10.16 COUNTERPARTS; EFFECTIVENESS. This Agreement and any amendments,
waivers, consents or supplements may be executed in any number of counterparts
and by different parties hereto in separate counterparts, each of which when so
executed and delivered shall be deemed an original, but all such counterparts
together shall constitute but one and the same instrument. This Agreement shall
become effective upon the execution of a counterpart hereof by each of the
parties hereto, and delivery thereof to the Agent or, in the case of the
Lenders, written telex or facsimile notice or telephonic notification (confirmed
in writing) of such execution and delivery. The Agent will give the Company and
each Lender prompt notice of the effectiveness of this Agreement.
10.17 CONSENT TO JURISDICTION; VENUE; WAIVER OF JURY TRIAL.

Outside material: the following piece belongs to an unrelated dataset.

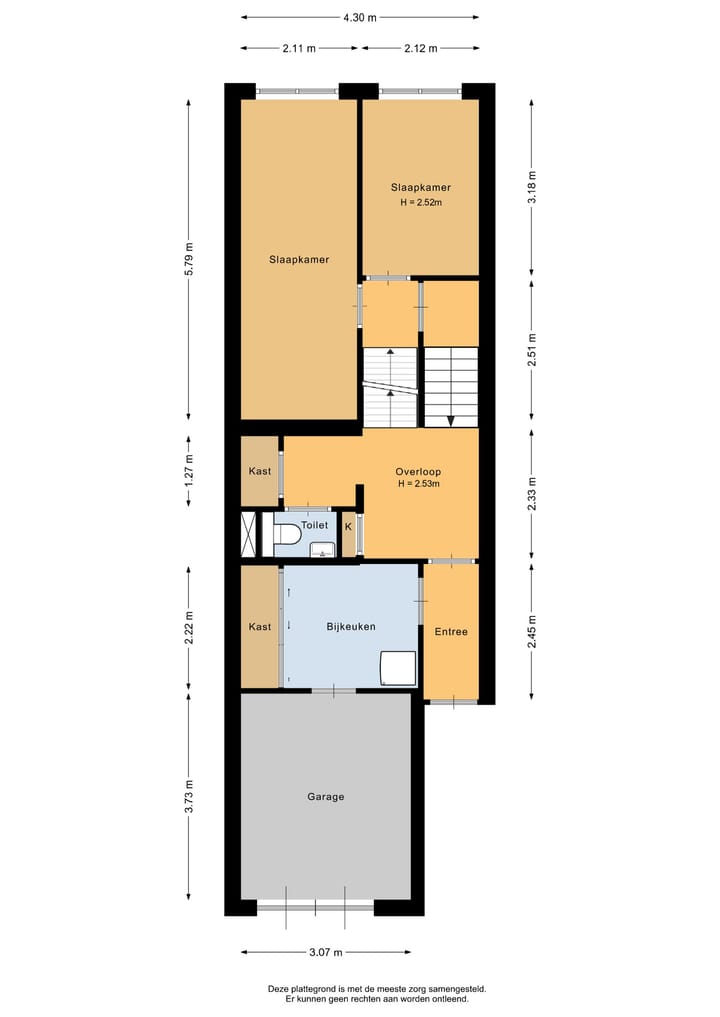 Foto 50 van Dorpsstraat 65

A. Any legal action or proceeding with respect to this
Agreement, any Interim Note may be brought in the courts of the State of New
York or of the United States for the Southern District of New York, and, by
execution and delivery of this Agreement, each of the parties to this Agreement
hereby irrevocably accepts for itself and in respect of its respective property,
generally and unconditionally, the jurisdiction of the aforesaid courts. Each of
the parties to this Agreement hereby further irrevocably waives any claim that
any such courts lack jurisdiction over such party, and agrees not to plead or
claim, in any legal action or proceeding with respect to this Agreement or the
Interim Notes brought in any of the aforesaid courts, that any such court lacks
jurisdiction over such party. Each of the parties to this Agreement irrevocably
consents to the service of process in any such action or proceeding by the
mailing of copies thereof by registered or certified mail, postage prepaid, to
such party, at its respective address for notices pursuant to Section 10.9, such
service to become effective 30 days after such mailing. To the extent permitted
by law, each of the parties to this Agreement hereby irrevocably waives any
objection to such service of process and further irrevocably waives and agrees
not to plead or claim in any action or proceeding commenced hereunder or under
any Note that service of process was in any way invalid or ineffective. Nothing
herein shall affect the right of any party to this Agreement to serve process in
any other manner permitted by law or to commence legal proceedings or otherwise
proceed against any party in any other jurisdiction.
B. Each of the parties to this Agreement hereby irrevocably
waives any objection which it may now or hereafter have to the laying of venue
of any of the aforesaid actions or proceedings arising out of or in connection
with this Agreement or the Interim Notes
brought in the courts referred to in clause A above and hereby further
irrevocably waives and agrees not to plead or claim in any such court that any
such action or proceeding brought in any such court has been brought in an
inconvenient forum.
C. Each of the parties to this Agreement hereby irrevocably
waives all right to a trial by jury in any action, proceeding or counterclaim
arising out of or relating to this Agreement or the Interim Notes or the
transactions contemplated hereby or thereby.
10.18 PAYMENTS BY AGENT.
A. The Agent agrees that promptly after its receipt of each
payment of any interest or premium on or principal of the Interim Notes from or
on behalf of the Company, it shall, except as otherwise provided in this
Agreement, distribute such payment to the Lenders (other than any Lender that
has consented in writing to waive its pro rata share of such payment) pro rata
based upon their respective pro rata shares, if any, of such payment.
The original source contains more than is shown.